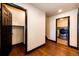 Bright hallway featuring hardwood floors, white walls, and a laundry room at 3383 Mount Royal Dr # 46, Castle Rock, CO 80104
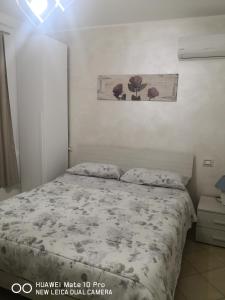 モンテ・サン・ビアージョにあるMagia sul Lago di Fondiのベッドルーム1室(ベッド1台付)が備わります。壁に絵が飾られています。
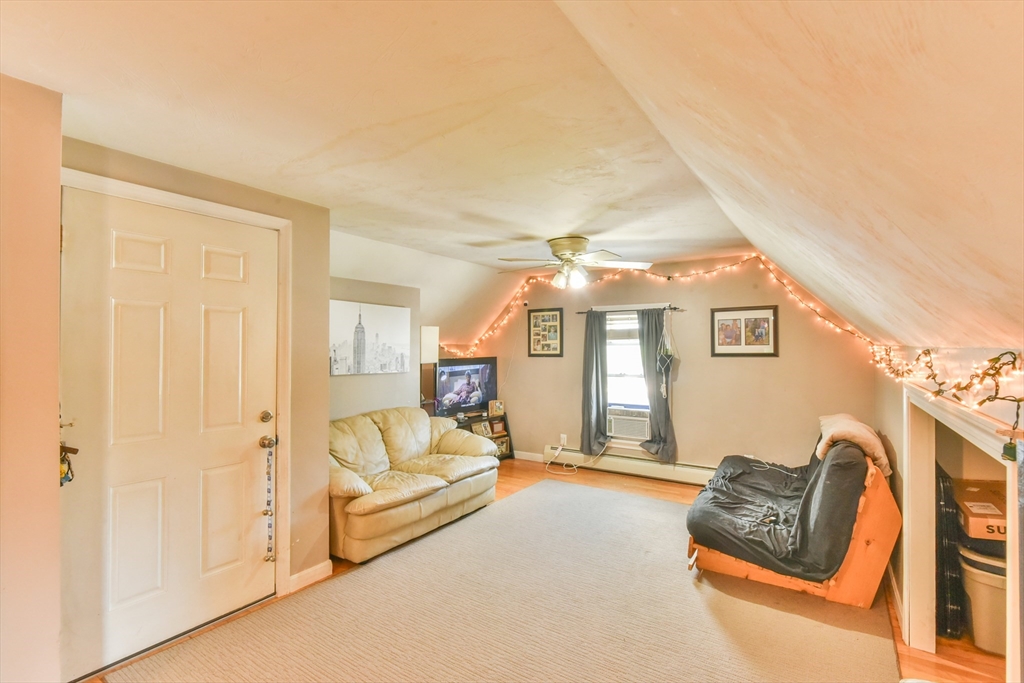 4 Agate Avenue Worcester, MA 01604 - Photo 32 of 39 a living room with furniture and a chandelier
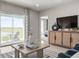 Cozy living room with comfortable seating, stylish decor, and sliding door access to the outdoors at 1203 Turtle Island Rd, Lady Lake, FL 32159
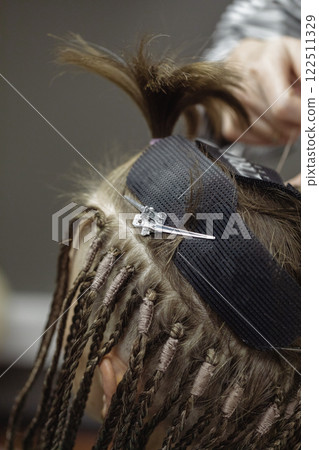Process of braiding dreadlocks, close-up. Human hair, hairdressing accessories and hairdressers fingers at work, vertical image, selective focus. Process of braiding dreadlocks, close-up. Human hair, hairdressing accessories and hairdressers fingers at work, vertical image, selective focus. 122511329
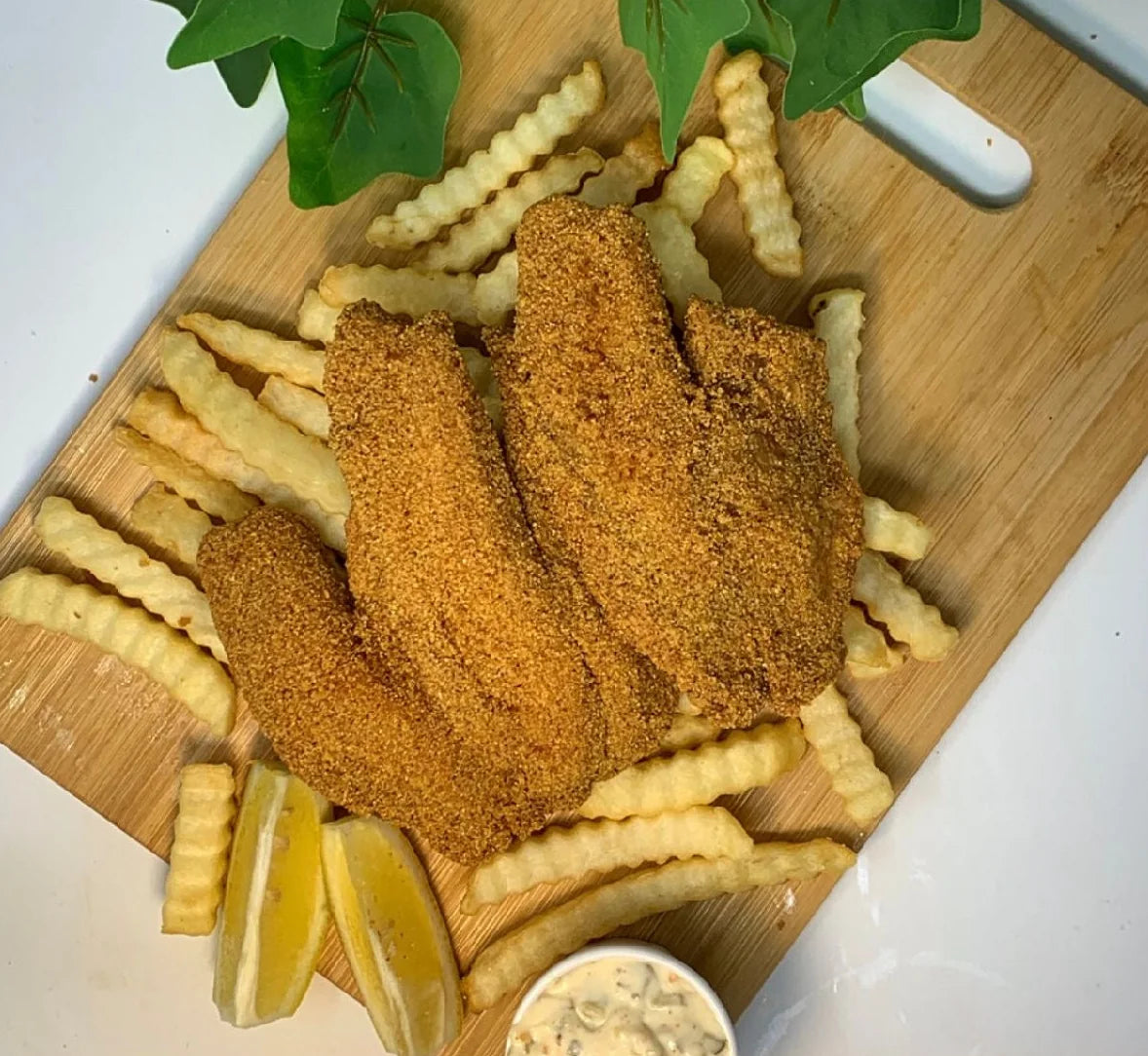 A board of Mandy’s fried fish and crinkle fries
####################
→ Brief
With pictures left out, transcribe each line from the one containing "モンテ・サン・ビアージョにあるMagia sul Lago" through the end of the data, both ends included.

→ Answer section
 モンテ・サン・ビアージョにあるMagia sul Lago di Fondiのベッドルーム1室(ベッド1台付)が備わります。壁に絵が飾られています。
 4 Agate Avenue Worcester, MA 01604 - Photo 32 of 39 a living room with furniture and a chandelier
 Cozy living room with comfortable seating, stylish decor, and sliding door access to the outdoors at 1203 Turtle Island Rd, Lady Lake, FL 32159
Process of braiding dreadlocks, close-up. Human hair, hairdressing accessories and hairdressers fingers at work, vertical image, selective focus. Process of braiding dreadlocks, close-up. Human hair, hairdressing accessories and hairdressers fingers at work, vertical image, selective focus. 122511329
 A board of Mandy’s fried fish and crinkle fries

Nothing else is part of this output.